One of our good customers had this to say about the new Revolver pressing and The Beatles in mono:
I think the Revolver new thing doesn’t sound terrible. It’s just what you’re comparing it with. Most people are going off original pressings maybe and the acclaimed mono and stereo box stuff that came out in the last 10 years. IF you don’t try one of those Harry Moss records or a 1970s pressing, you probably think the new Revolver is fine or even good. That’s my theory. Who knows.
And as far as mono vs. stereo… you know the answer to this but I’m not sure. Were those earliest records meant to be mono or recorded as if they would be put out as mono and later records – maybe Rubber Soul on – meant to be stereo? I don’t know the answer to that. But maybe that’s why people are so loyal to mono. They feel like “this is how it was meant to be heard by the artist.”

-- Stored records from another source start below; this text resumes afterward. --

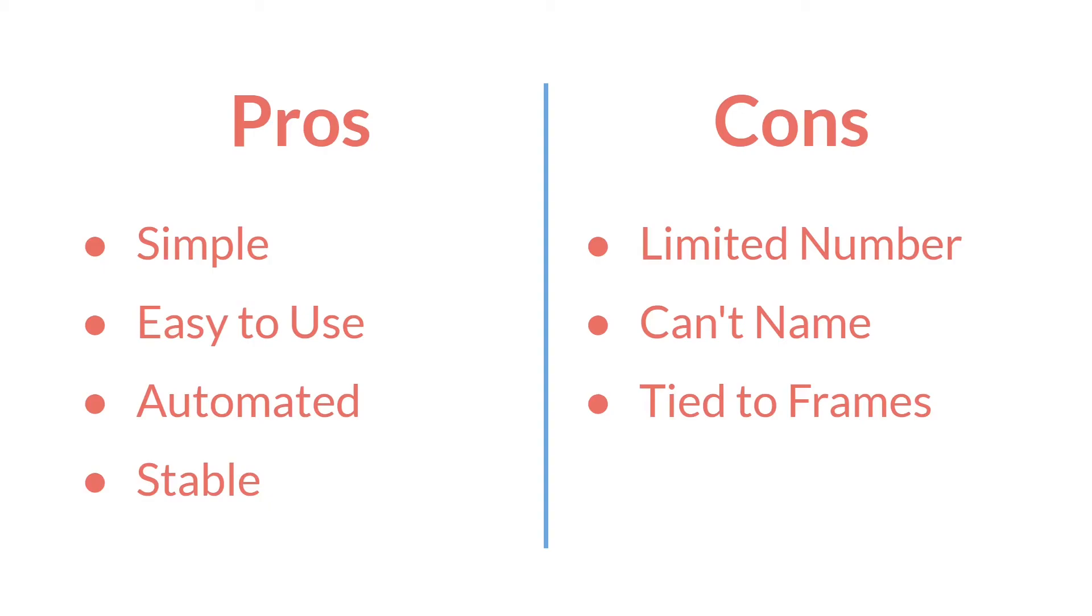However, the cons of the built-in alarms are that there is a limited number of them, although 12 is generally going to be sufficient. There are cases where it might not be. You can't really name them, and most importantly, they're tied to frames. Again, they run every step. If you want to run an alarm with delta time, you cannot use the built-in alarms. If you want to speed up or slow down an alarm, you can't really do it. This can be a very significant negative.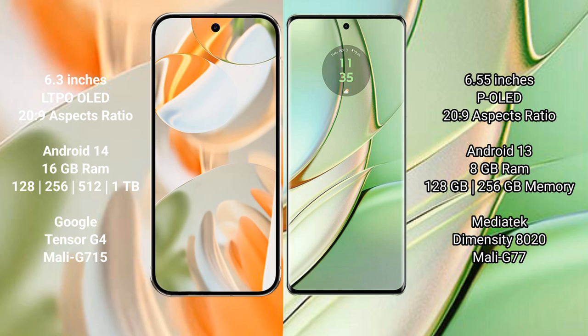Google Pixel 9 Pro comes with 16GB RAM and 128GB, 256GB, or 512GB internal storage. It has a Google Tensor G4 processor with Mali-G715 GPU.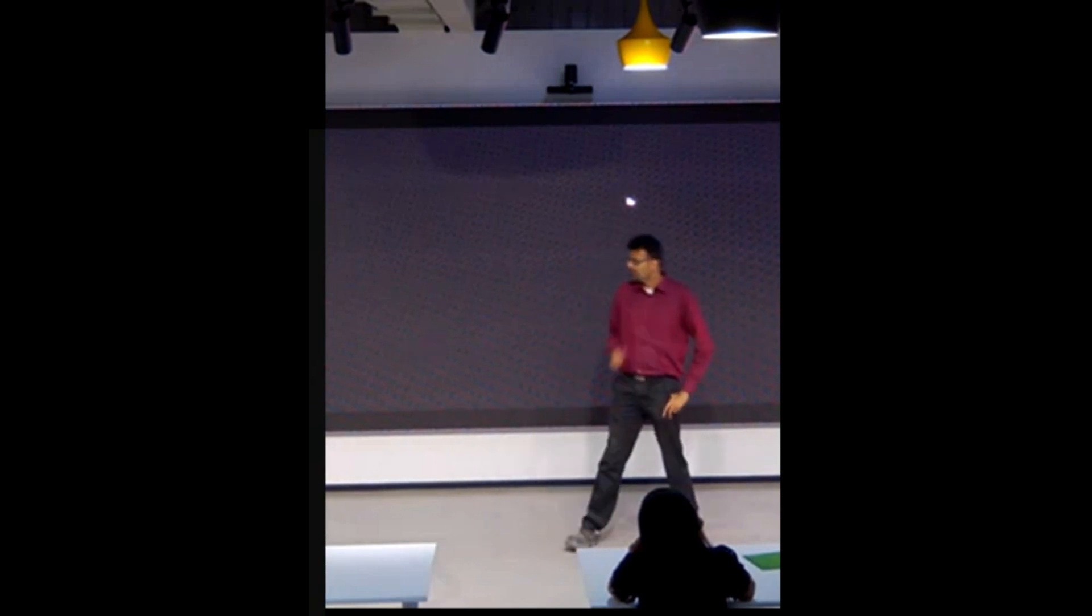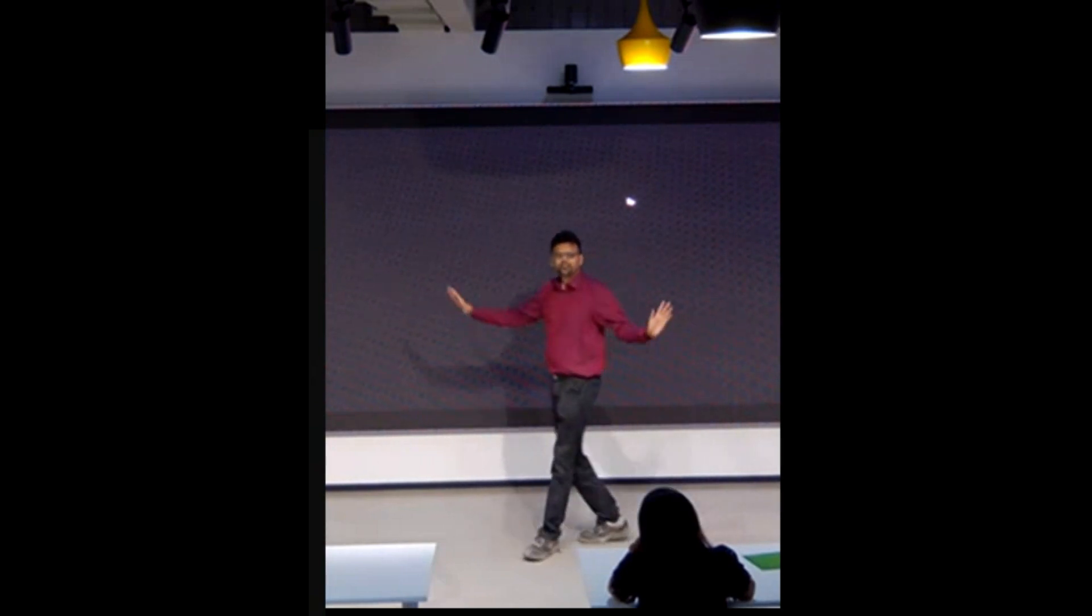But now if you move on to millennials, yo bro, sup? Yo bro, sup? Conversation done.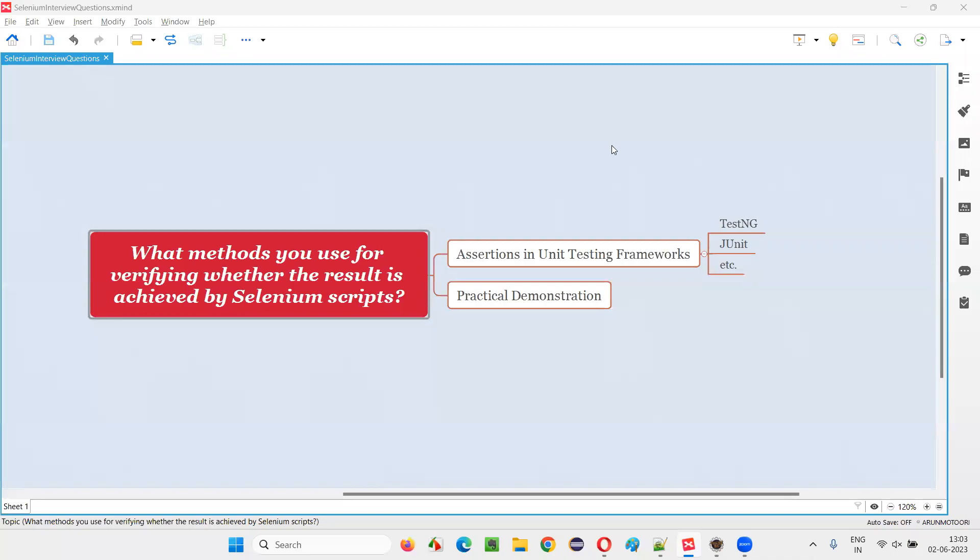Hello all, welcome to this session. In this session, I am going to answer one of the Selenium interview questions. That is, what methods you use for verifying whether the result is achieved by Selenium scripts?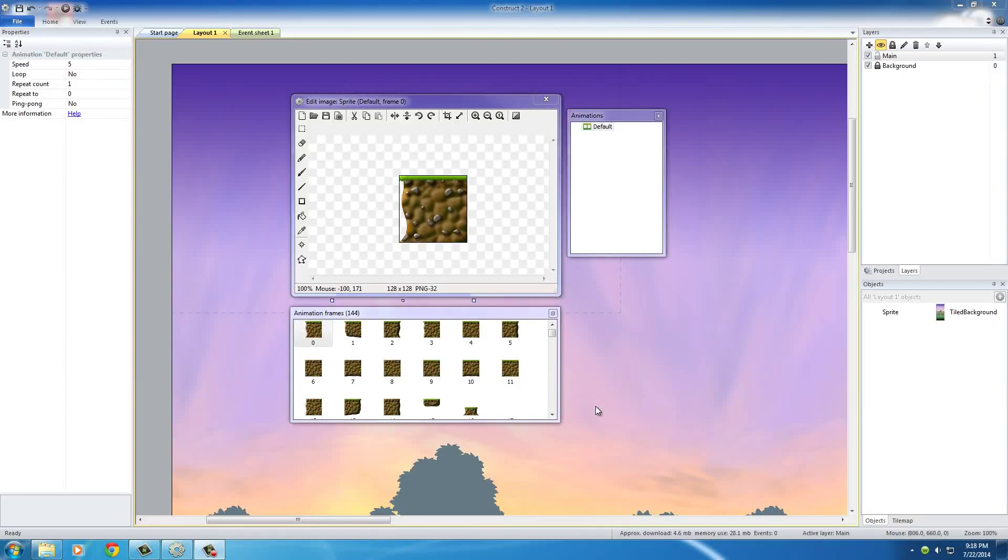Alright guys, welcome back to another tutorial in Construct 2. And in this video, I want to talk to you guys a little bit about animation and how it works differently with the different items in the game.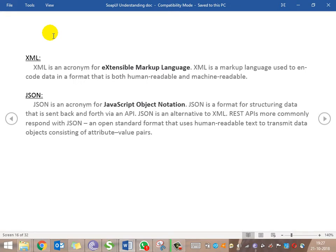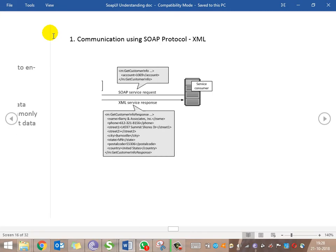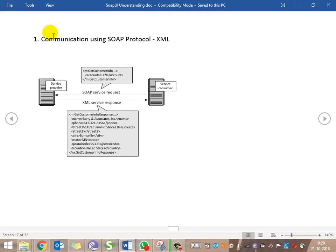XML — Extensible Markup Language — is used for interoperable communication between different applications. JSON — JavaScript Object Notation — is also similar but structured in a key-value format. JSON is much more popular these days and is an alternative to XML. REST APIs most commonly use JSON because of its lightweight structure, though XML is also supported.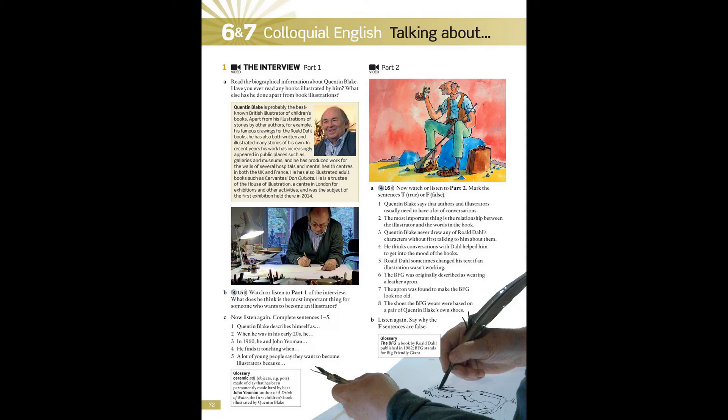4.15 Interview with an Illustrator, Part 1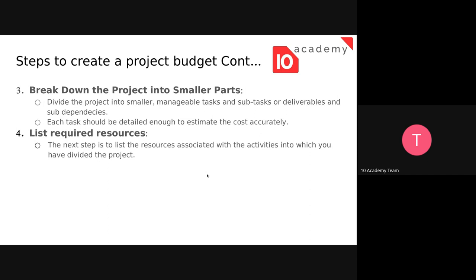The fourth step is to list the required resources. Not only do you divide the project into smaller tasks, you also need to list the resources needed for each task or subtask.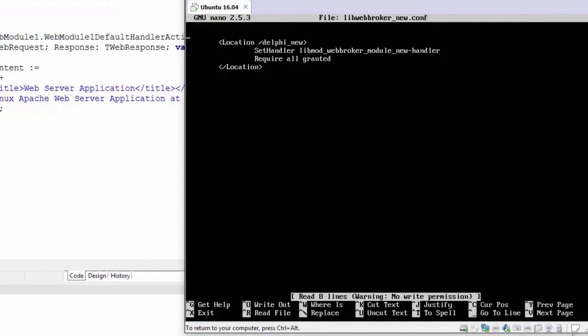Whenever your path includes the delphi_new location, Apache will redirect the call to this specific application, specifically the module, actually to the handler defined by the module.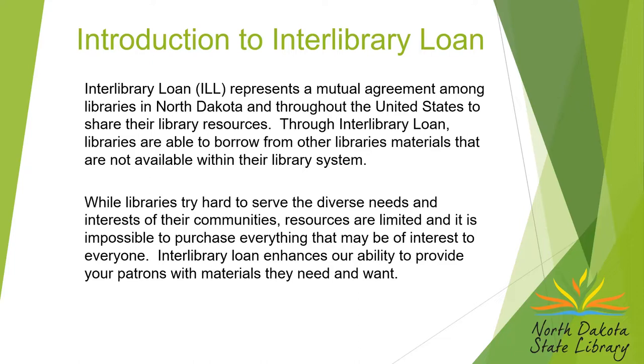While libraries try really hard to serve the needs of their patrons and the interests of their communities, all of our resources are limited. We don't have an unlimited budget to buy books, so it's nearly impossible to purchase everything that may be of interest to everyone. With interlibrary loan, we can enhance our ability to provide our patrons with materials that they need and they want.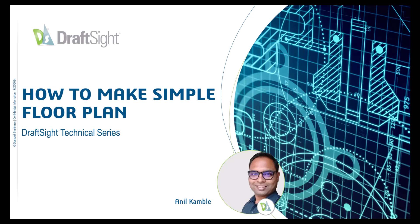Hello everyone and welcome to the DraftSight technical series. My name is Anil Kambley and today I am going to show you how to make a simple floor plan using DraftSight.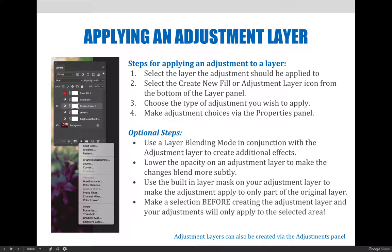I like to call it the black and white cookie — it is a circle that is half white and half black. Next, choose the type of adjustment you wish to apply.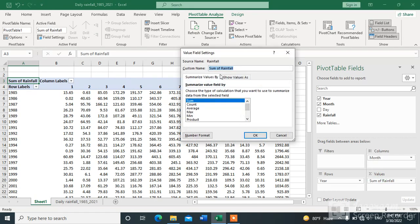By default it shows Sum. If you want to change this, click on Field Settings and you can calculate the average, maximum, or minimum. For the time being, since it is rainfall, we will sum it.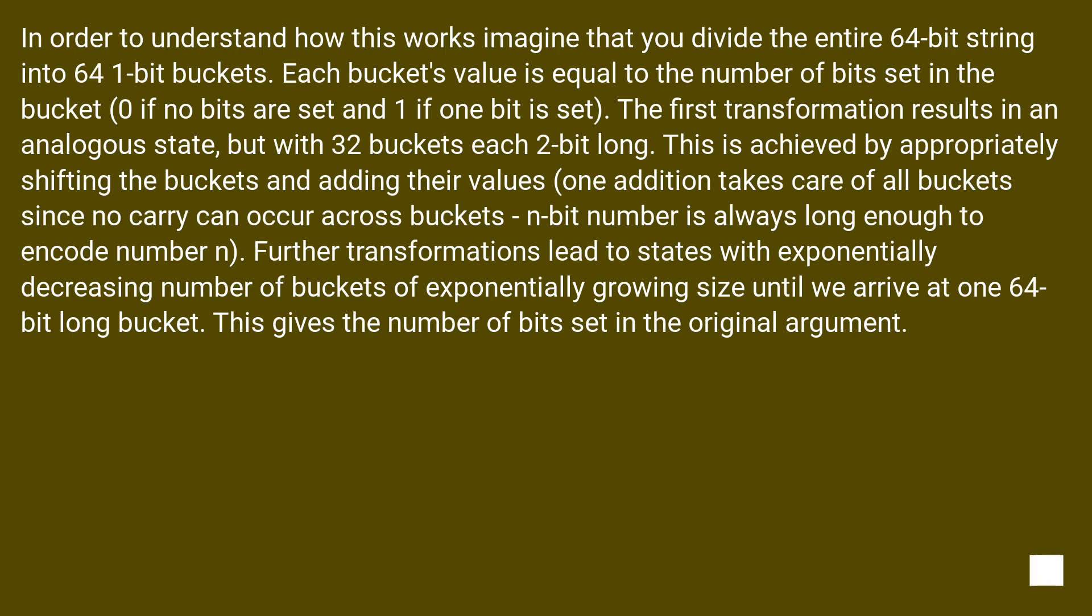The first transformation results in an analogous state, but with 32 buckets each 2 bits long. This is achieved by appropriately shifting the buckets and adding their values. One addition takes care of all buckets since no carry can occur across buckets. An n-bit number is always long enough to encode number n.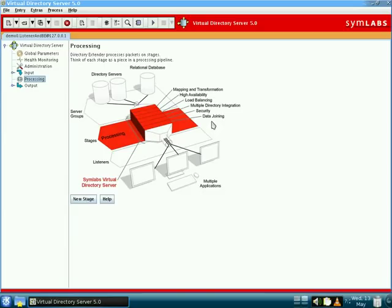More importantly, the processing stages can be invoked to intercept and manipulate traffic moving between clients and servers. They can also be used to simply trigger other behaviors when particular types of traffic are intercepted.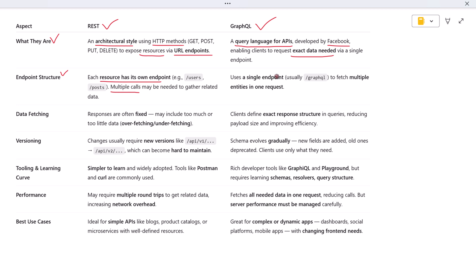In contrast, GraphQL uses a single endpoint, usually something like /graphql. From that one endpoint, you can fetch exactly the data you need, even if it spans multiple related entities. So GraphQL helps reduce the number of requests by giving you everything in one shot.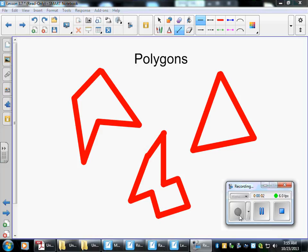Today we're working with polygons. A polygon is a flat, two-dimensional figure made up of line segments called sides. A polygon can have any number of sides, as long as it has at least three. The inside of a polygon is not part of the polygon. The sides of a polygon are connected end-to-end and make one closed path.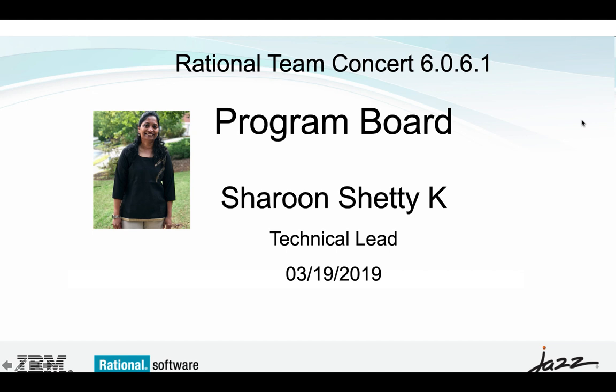Hello everyone. My name is Sharun Chetty. I'm the technical lead for tracking and planning component of Rational Team Concert. Today I will be doing a short demo of the program board feature which we delivered in 6.0.6.1.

George Martin was very clear about that, the first two albums for sure and really, the first four are, for him, better heard in mono than stereo.
I disagree. I think George heard the playback on studio monitors stuck on a wall five feet from his head. Who cares what that sounds like? Nobody who isn’t mixing a record would ever listen to music that way, certainly not in this day and age.
More importantly, who are you going to believe, your lying ears or George Martin?
This is so fundamental to understanding everything to do with audio and records.
Richard Feynman summed it up beautifully: Science is the belief in the ignorance of experts.
Watch the Let It Be documentary put out by Peter Jackson, the last part where they play the album back for everyone.
With four monitor speakers lined up left to right and shoved up against a wall.
This is how they listened to the album in order to approve Glyn Johns’ mix and the takes he chose to use?
How can anyone take any of it seriously?